● What you have to do:
Look through the data below for the line with "N879 State Highway" and the line with "Thumbnail for Magnaflow", then output those two and all lines in between, exactly as written.

● Records supplied:
# # # # #

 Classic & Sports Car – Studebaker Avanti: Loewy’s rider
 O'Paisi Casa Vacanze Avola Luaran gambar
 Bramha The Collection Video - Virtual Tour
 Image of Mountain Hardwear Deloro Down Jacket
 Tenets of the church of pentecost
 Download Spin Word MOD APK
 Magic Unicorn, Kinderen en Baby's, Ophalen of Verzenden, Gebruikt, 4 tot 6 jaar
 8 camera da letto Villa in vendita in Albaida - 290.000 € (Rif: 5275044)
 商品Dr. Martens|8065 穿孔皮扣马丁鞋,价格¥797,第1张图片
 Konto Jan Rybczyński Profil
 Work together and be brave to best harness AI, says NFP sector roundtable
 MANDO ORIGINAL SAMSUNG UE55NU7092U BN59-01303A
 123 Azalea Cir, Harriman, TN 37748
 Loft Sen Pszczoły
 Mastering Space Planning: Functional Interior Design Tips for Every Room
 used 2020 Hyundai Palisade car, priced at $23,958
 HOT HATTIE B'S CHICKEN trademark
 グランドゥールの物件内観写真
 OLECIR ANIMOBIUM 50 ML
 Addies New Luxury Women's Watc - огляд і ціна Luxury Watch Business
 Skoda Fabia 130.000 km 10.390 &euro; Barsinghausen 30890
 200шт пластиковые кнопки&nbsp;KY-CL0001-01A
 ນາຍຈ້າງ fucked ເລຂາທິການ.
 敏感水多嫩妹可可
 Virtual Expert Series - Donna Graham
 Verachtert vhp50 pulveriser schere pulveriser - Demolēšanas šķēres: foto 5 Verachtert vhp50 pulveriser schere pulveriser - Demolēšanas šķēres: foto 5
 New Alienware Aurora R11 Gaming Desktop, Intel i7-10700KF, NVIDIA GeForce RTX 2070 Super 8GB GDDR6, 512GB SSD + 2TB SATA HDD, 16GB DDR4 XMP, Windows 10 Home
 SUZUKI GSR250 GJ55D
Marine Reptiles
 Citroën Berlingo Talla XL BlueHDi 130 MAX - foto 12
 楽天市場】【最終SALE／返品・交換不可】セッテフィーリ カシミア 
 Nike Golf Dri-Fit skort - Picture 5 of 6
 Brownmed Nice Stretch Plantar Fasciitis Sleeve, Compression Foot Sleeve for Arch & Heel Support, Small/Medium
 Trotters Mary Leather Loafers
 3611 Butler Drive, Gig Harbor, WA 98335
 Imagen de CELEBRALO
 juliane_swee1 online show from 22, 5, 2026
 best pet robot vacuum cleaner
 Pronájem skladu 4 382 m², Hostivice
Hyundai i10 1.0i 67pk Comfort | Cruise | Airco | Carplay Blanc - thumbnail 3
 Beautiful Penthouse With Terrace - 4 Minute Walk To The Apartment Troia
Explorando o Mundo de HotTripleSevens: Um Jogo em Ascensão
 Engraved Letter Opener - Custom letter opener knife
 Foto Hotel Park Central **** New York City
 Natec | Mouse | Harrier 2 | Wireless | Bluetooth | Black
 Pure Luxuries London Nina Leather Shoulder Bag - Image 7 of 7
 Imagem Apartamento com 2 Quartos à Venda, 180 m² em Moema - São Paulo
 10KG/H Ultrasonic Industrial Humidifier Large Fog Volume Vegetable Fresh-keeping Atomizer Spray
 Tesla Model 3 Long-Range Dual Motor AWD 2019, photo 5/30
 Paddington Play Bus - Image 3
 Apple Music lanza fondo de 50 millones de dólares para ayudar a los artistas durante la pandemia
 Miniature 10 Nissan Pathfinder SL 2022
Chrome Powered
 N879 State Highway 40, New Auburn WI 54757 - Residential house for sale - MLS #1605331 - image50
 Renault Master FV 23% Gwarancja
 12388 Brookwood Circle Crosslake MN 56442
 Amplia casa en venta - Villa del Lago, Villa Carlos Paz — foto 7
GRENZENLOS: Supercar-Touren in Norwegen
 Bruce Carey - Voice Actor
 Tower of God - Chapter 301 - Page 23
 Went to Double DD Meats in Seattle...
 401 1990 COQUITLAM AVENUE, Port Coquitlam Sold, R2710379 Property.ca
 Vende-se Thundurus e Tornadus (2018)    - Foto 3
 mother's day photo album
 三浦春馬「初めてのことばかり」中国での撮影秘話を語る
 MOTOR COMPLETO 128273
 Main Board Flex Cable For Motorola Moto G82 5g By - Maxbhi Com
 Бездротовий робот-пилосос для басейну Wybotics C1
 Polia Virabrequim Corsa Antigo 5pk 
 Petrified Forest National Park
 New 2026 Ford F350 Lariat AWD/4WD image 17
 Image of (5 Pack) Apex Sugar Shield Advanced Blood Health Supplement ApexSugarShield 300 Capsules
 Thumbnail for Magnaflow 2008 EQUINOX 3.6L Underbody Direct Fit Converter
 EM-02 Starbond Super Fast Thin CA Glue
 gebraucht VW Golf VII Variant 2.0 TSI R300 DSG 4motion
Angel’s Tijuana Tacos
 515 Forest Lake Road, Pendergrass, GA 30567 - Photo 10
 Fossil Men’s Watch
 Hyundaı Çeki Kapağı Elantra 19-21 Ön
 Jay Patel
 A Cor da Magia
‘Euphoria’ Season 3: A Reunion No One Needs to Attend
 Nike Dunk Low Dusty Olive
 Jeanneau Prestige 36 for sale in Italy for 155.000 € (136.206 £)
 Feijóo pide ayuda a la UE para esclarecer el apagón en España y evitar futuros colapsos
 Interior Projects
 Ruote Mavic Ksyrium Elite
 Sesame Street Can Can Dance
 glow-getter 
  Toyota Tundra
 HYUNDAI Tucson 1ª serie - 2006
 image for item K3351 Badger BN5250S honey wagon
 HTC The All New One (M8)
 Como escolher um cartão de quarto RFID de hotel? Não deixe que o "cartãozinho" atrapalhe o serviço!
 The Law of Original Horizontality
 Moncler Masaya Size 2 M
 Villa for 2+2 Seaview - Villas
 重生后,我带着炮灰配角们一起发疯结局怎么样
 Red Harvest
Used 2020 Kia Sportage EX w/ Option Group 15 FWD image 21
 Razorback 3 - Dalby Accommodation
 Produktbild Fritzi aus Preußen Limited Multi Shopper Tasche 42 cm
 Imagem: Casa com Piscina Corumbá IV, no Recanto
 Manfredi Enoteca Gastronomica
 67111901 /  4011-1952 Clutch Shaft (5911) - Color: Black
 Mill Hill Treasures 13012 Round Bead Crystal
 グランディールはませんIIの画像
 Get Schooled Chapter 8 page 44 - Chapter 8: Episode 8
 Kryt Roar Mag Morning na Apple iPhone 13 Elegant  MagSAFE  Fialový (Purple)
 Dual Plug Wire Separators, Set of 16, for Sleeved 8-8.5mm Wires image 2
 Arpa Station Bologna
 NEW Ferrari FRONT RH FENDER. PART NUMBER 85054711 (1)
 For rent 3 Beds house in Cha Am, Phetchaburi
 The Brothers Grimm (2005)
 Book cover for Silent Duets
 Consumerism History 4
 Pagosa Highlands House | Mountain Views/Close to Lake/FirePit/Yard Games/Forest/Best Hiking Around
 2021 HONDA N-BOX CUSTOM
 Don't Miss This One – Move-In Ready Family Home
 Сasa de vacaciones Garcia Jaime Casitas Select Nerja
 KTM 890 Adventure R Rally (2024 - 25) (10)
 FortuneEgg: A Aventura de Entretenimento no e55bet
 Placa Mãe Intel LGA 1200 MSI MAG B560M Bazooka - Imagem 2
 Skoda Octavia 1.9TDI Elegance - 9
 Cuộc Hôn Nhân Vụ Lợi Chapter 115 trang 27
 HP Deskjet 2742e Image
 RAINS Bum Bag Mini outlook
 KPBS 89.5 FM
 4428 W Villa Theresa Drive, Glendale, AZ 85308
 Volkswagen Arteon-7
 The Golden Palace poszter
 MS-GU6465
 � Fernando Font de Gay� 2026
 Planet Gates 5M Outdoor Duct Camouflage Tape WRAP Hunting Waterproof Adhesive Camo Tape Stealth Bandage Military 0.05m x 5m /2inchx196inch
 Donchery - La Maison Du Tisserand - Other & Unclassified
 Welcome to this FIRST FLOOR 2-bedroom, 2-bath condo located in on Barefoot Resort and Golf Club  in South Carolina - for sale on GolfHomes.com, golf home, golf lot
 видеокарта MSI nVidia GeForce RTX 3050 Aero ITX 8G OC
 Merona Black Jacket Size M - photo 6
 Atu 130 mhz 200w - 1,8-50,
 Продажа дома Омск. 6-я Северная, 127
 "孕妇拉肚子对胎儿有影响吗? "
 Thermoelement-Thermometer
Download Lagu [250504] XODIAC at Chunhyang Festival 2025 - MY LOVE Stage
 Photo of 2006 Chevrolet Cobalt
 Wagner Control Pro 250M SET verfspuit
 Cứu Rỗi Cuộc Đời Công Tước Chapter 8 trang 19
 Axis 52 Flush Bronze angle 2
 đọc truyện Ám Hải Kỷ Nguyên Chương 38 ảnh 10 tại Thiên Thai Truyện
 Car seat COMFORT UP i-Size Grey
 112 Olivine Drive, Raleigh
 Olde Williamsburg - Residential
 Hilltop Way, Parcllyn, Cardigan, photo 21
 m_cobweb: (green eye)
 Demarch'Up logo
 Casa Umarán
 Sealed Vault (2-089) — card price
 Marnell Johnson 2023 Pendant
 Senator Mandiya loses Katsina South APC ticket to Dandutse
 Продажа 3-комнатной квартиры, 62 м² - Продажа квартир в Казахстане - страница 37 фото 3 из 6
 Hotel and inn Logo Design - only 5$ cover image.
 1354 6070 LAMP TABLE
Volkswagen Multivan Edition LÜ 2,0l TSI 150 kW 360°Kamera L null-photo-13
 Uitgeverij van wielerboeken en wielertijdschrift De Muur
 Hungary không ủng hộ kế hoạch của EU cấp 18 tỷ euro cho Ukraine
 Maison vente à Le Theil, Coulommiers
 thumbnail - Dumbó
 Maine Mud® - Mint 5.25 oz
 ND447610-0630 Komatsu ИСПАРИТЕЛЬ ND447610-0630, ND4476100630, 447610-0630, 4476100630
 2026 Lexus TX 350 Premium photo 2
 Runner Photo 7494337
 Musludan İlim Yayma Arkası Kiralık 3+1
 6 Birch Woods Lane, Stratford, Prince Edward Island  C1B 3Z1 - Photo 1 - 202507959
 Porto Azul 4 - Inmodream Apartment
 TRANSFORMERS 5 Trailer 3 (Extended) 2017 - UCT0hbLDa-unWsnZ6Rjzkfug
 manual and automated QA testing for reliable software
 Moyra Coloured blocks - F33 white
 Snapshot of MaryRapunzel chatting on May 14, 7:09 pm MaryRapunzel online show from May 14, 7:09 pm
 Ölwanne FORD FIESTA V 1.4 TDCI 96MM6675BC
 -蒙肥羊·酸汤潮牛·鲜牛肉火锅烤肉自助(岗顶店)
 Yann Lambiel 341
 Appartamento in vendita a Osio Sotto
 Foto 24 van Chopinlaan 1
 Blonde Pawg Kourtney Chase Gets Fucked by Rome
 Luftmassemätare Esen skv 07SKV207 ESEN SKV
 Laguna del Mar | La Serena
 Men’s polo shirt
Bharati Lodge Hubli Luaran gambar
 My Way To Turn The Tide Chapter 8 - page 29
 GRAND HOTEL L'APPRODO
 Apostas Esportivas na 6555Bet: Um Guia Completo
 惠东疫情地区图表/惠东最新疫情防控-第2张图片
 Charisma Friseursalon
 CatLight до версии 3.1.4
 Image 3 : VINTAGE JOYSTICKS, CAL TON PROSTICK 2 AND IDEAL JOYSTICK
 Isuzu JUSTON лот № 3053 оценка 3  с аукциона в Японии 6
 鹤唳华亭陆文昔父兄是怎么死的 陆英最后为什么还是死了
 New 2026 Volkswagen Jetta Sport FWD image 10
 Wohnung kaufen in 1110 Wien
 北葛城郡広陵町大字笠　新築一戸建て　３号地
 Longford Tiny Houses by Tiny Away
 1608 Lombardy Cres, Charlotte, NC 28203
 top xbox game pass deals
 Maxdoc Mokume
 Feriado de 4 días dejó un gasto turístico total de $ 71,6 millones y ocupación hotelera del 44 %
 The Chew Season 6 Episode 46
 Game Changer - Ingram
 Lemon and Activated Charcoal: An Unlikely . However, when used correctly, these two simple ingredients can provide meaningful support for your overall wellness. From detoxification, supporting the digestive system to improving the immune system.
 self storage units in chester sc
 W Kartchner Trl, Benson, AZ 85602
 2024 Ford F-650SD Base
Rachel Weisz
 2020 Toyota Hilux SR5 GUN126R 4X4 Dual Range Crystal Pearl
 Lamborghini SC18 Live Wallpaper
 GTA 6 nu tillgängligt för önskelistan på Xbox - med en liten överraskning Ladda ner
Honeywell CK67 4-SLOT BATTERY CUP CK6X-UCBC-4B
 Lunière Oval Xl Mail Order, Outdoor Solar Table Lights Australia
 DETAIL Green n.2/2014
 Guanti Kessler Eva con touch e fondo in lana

# # # # #

● Answer space:
 N879 State Highway 40, New Auburn WI 54757 - Residential house for sale - MLS #1605331 - image50
 Renault Master FV 23% Gwarancja
 12388 Brookwood Circle Crosslake MN 56442
 Amplia casa en venta - Villa del Lago, Villa Carlos Paz — foto 7
GRENZENLOS: Supercar-Touren in Norwegen
 Bruce Carey - Voice Actor
 Tower of God - Chapter 301 - Page 23
 Went to Double DD Meats in Seattle...
 401 1990 COQUITLAM AVENUE, Port Coquitlam Sold, R2710379 Property.ca
 Vende-se Thundurus e Tornadus (2018)    - Foto 3
 mother's day photo album
 三浦春馬「初めてのことばかり」中国での撮影秘話を語る
 MOTOR COMPLETO 128273
 Main Board Flex Cable For Motorola Moto G82 5g By - Maxbhi Com
 Бездротовий робот-пилосос для басейну Wybotics C1
 Polia Virabrequim Corsa Antigo 5pk 
 Petrified Forest National Park
 New 2026 Ford F350 Lariat AWD/4WD image 17
 Image of (5 Pack) Apex Sugar Shield Advanced Blood Health Supplement ApexSugarShield 300 Capsules
 Thumbnail for Magnaflow 2008 EQUINOX 3.6L Underbody Direct Fit Converter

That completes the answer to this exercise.